Data to process —
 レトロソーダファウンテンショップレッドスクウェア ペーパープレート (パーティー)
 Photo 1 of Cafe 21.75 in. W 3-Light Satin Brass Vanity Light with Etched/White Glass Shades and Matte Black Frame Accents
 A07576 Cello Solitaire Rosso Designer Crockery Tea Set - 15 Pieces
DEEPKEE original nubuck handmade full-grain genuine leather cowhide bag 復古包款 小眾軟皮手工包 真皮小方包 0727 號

* * *

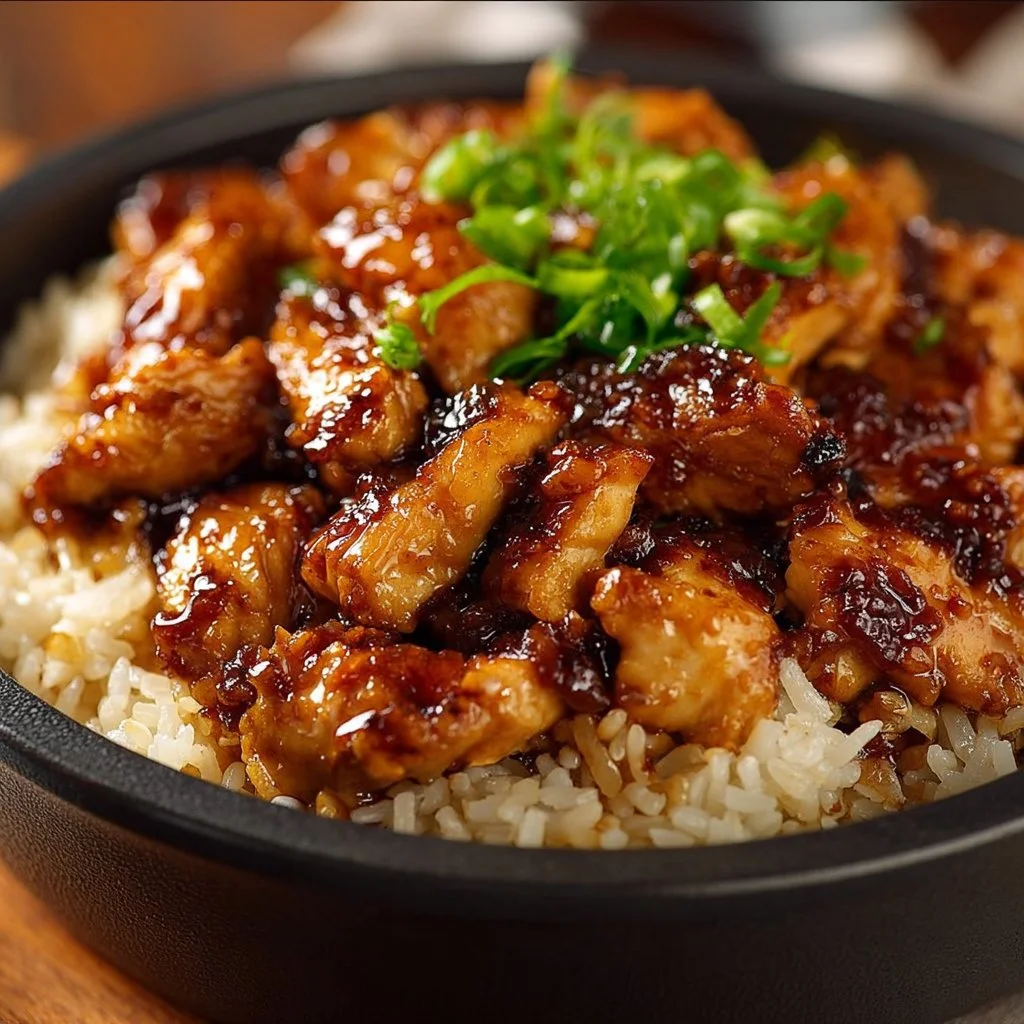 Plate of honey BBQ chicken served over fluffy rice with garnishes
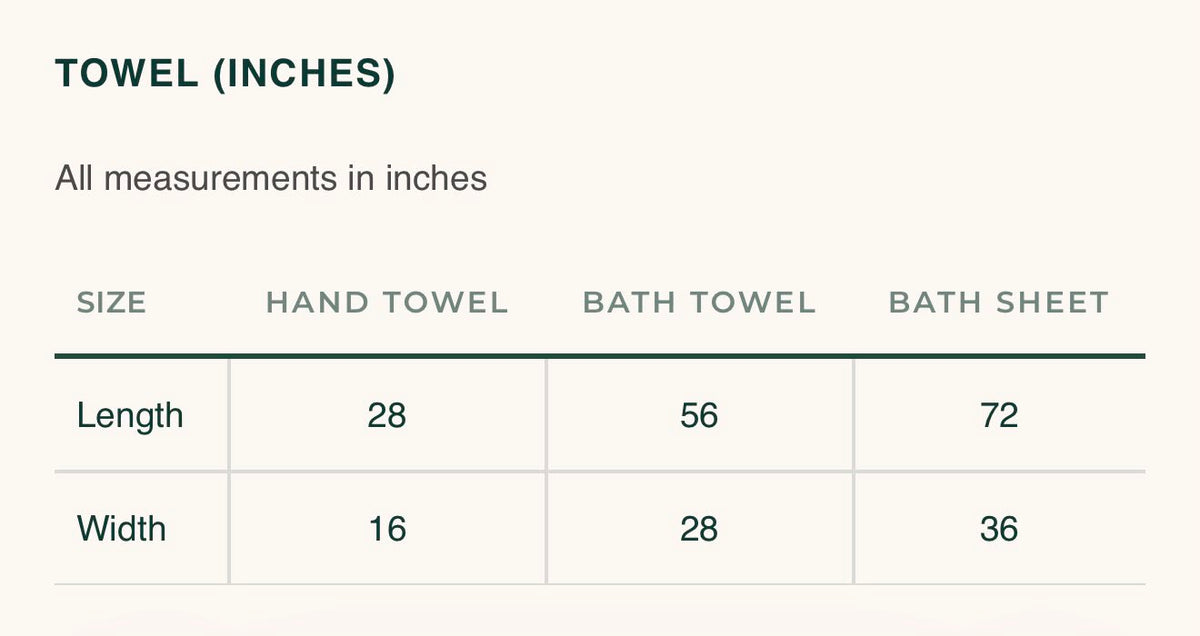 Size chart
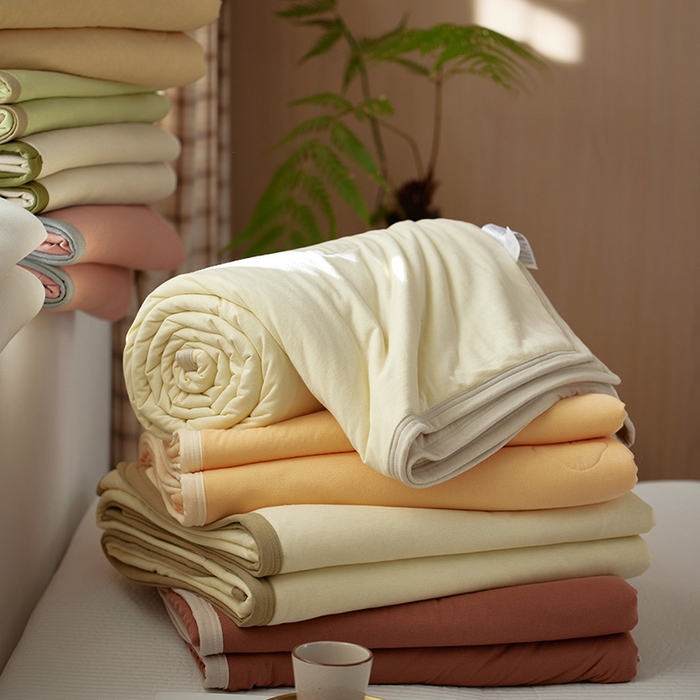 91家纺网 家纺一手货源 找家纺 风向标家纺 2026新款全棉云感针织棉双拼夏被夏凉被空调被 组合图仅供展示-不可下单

==

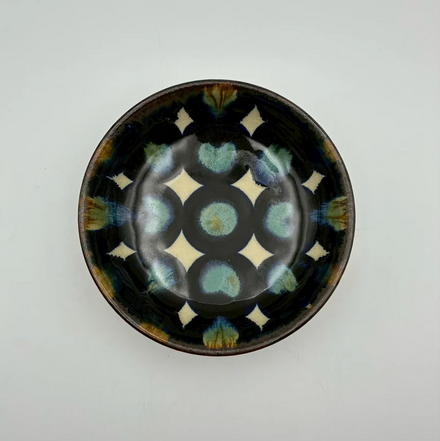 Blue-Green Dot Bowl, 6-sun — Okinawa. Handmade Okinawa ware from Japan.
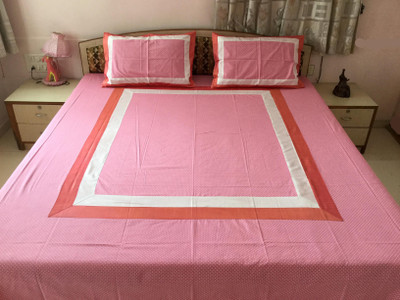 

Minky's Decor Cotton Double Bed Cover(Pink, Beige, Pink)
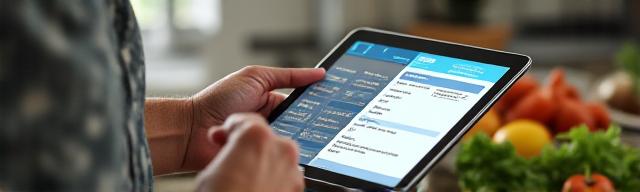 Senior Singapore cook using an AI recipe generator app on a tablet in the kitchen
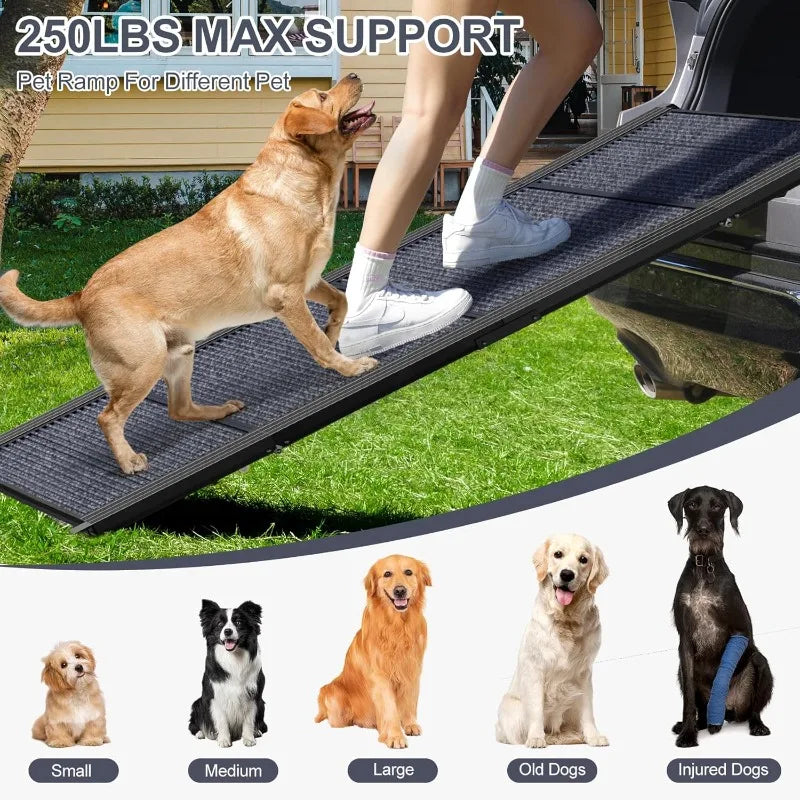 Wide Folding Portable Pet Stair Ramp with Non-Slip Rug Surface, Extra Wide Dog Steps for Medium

Task statement — Retype only this portion of the data above: the line containing "A07576 Cello Solitaire", the line containing "DEEPKEE original nubuck", and all lines between them, exactly.

Response to this exercise —
 A07576 Cello Solitaire Rosso Designer Crockery Tea Set - 15 Pieces
DEEPKEE original nubuck handmade full-grain genuine leather cowhide bag 復古包款 小眾軟皮手工包 真皮小方包 0727 號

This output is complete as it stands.